**What to do**: Word for word, restate the listing; omit the pictures.

BEGIN Data under study

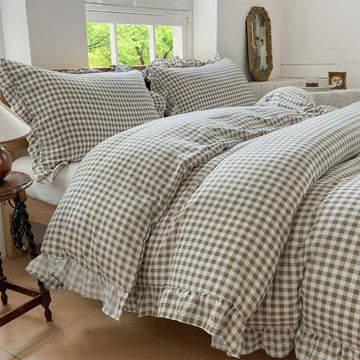 Tan Gingham Ruffle Duvet Cover King, 3 Pieces Taupe Soft Pre-Washed Microfiber Checked Plaid Comforter Cover Set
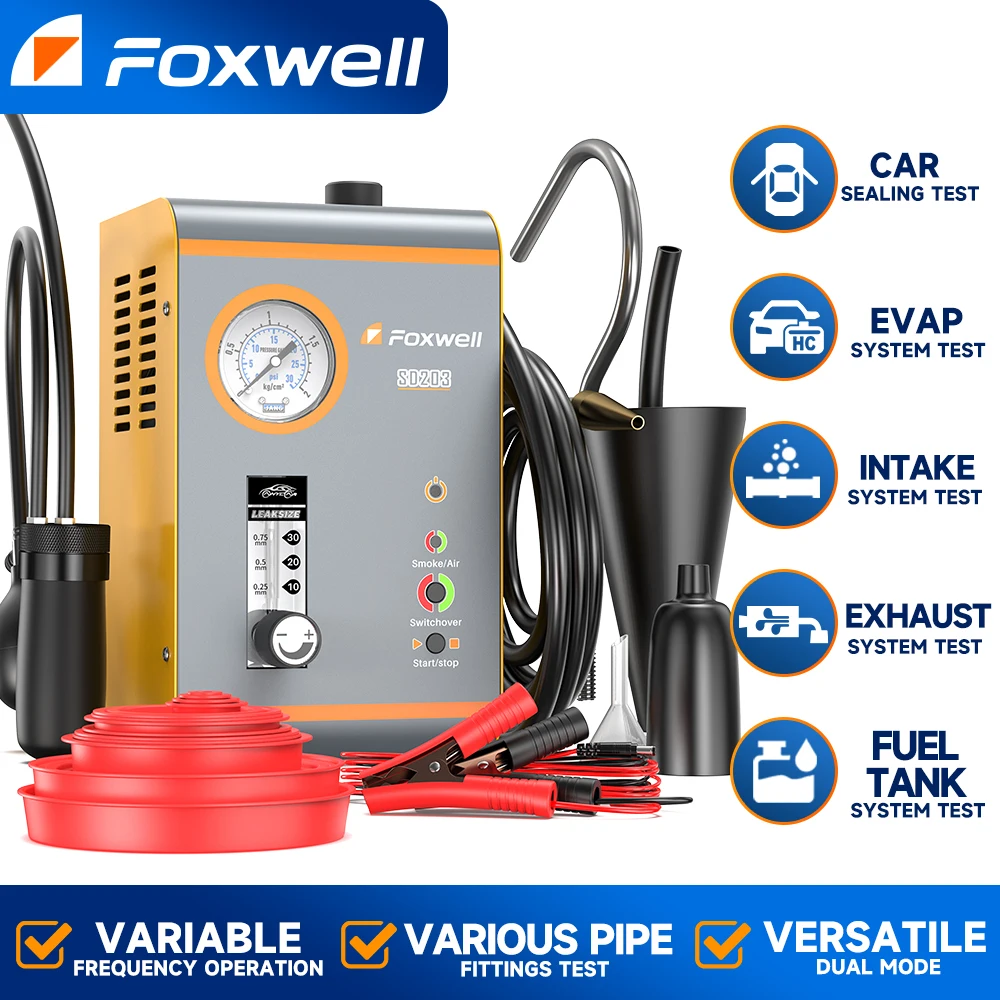 Foxwell SD203 Automotive Smoke Leak Detector Dual Mode Air & Smoke Test Built-in Air Pump 12V EVAP Vacuum Exhaust Pipe Leak Tester for Cars Motorcycles Trucks Boats Auto Repair Diagnostic Tool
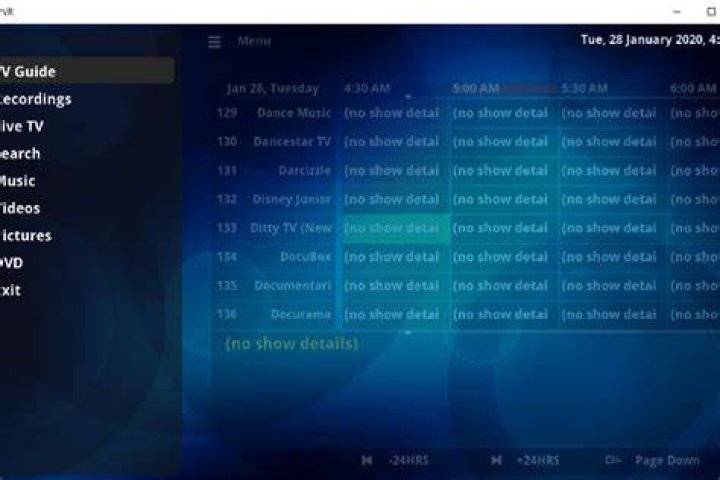 NextPVR main menu
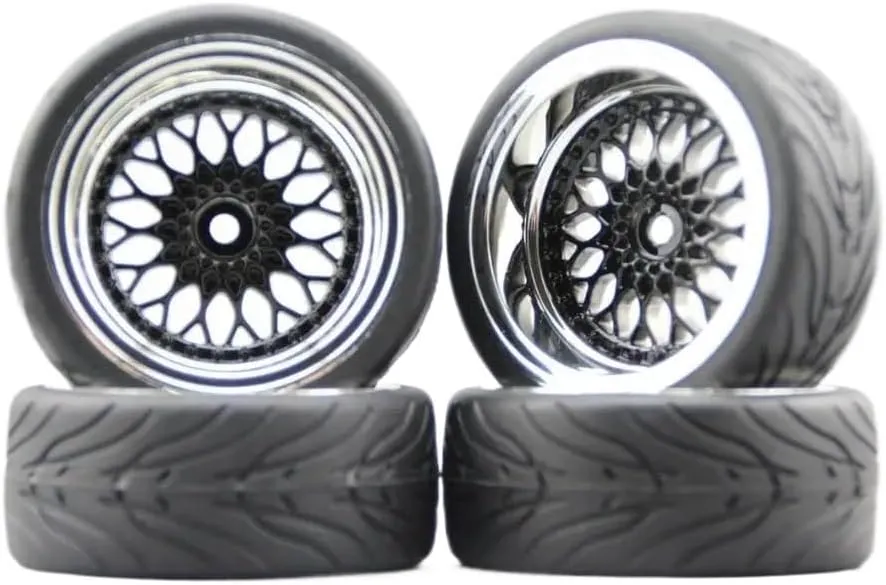 4pcs Soft Rubber Touring Tyres Wheels with Chrome and Black Paint Rim Compatible with 1:10 RC Cars 3mm 6mm 9mm Offset(2PCS6MM with 2PCS9MM)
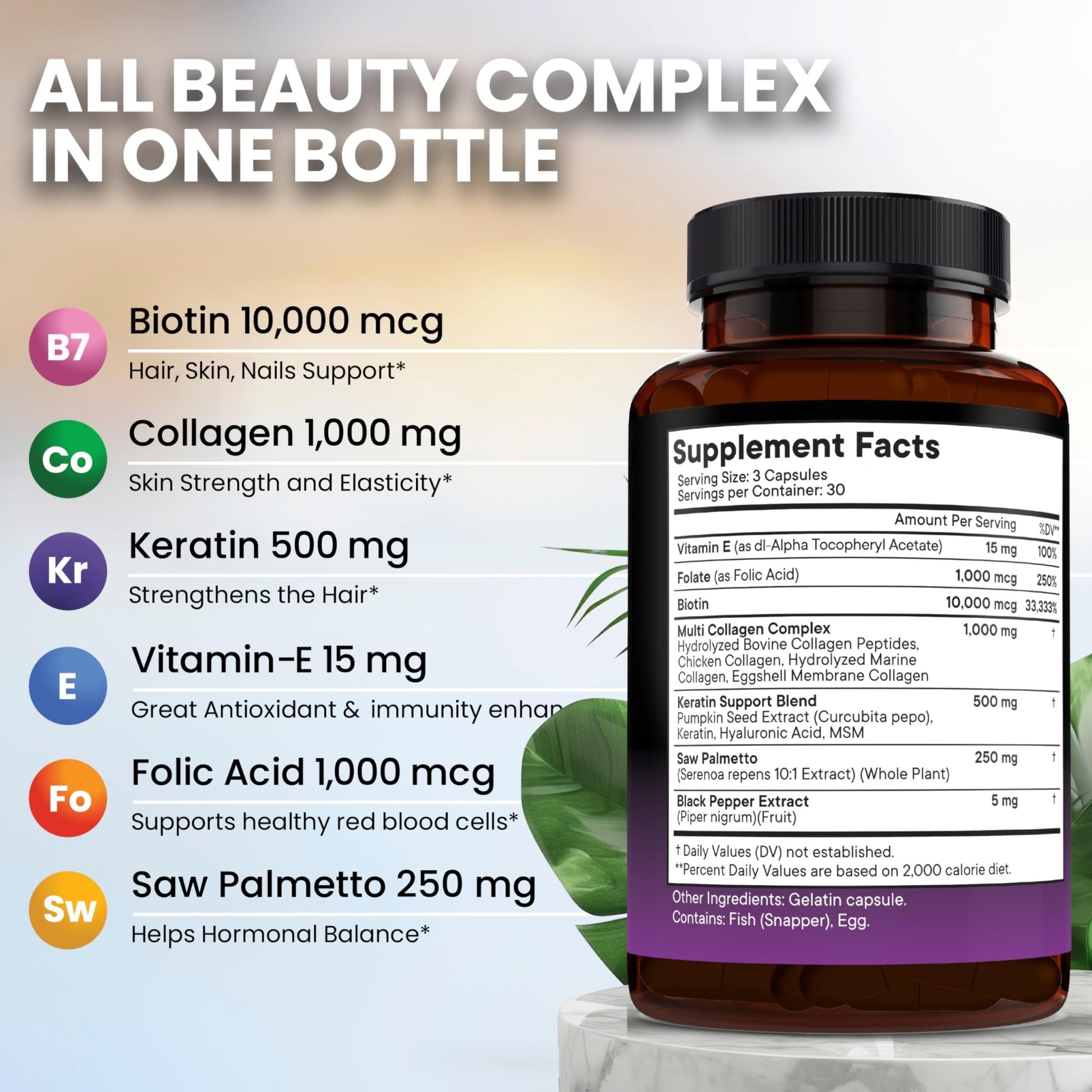 NEW AGE Biotin Collagen Keratin Hyaluronic Acid - 50,000mcg Hair Growth Vitamins for Men and Women, Nails, Hair, Skin Vitamins and DHT Blocker with Vitamin E Folic - dailyvitalstore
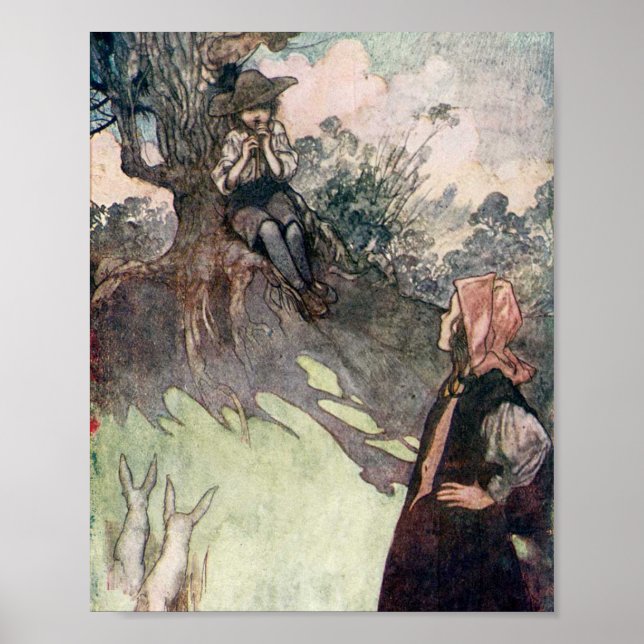 Vintage illustration Den hemliga trädgården  Poster (Framsidan)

END Data under study

**Task response**:
 Tan Gingham Ruffle Duvet Cover King, 3 Pieces Taupe Soft Pre-Washed Microfiber Checked Plaid Comforter Cover Set
 Foxwell SD203 Automotive Smoke Leak Detector Dual Mode Air & Smoke Test Built-in Air Pump 12V EVAP Vacuum Exhaust Pipe Leak Tester for Cars Motorcycles Trucks Boats Auto Repair Diagnostic Tool
 NextPVR main menu
 4pcs Soft Rubber Touring Tyres Wheels with Chrome and Black Paint Rim Compatible with 1:10 RC Cars 3mm 6mm 9mm Offset(2PCS6MM with 2PCS9MM)
 NEW AGE Biotin Collagen Keratin Hyaluronic Acid - 50,000mcg Hair Growth Vitamins for Men and Women, Nails, Hair, Skin Vitamins and DHT Blocker with Vitamin E Folic - dailyvitalstore
 Vintage illustration Den hemliga trädgården  Poster (Framsidan)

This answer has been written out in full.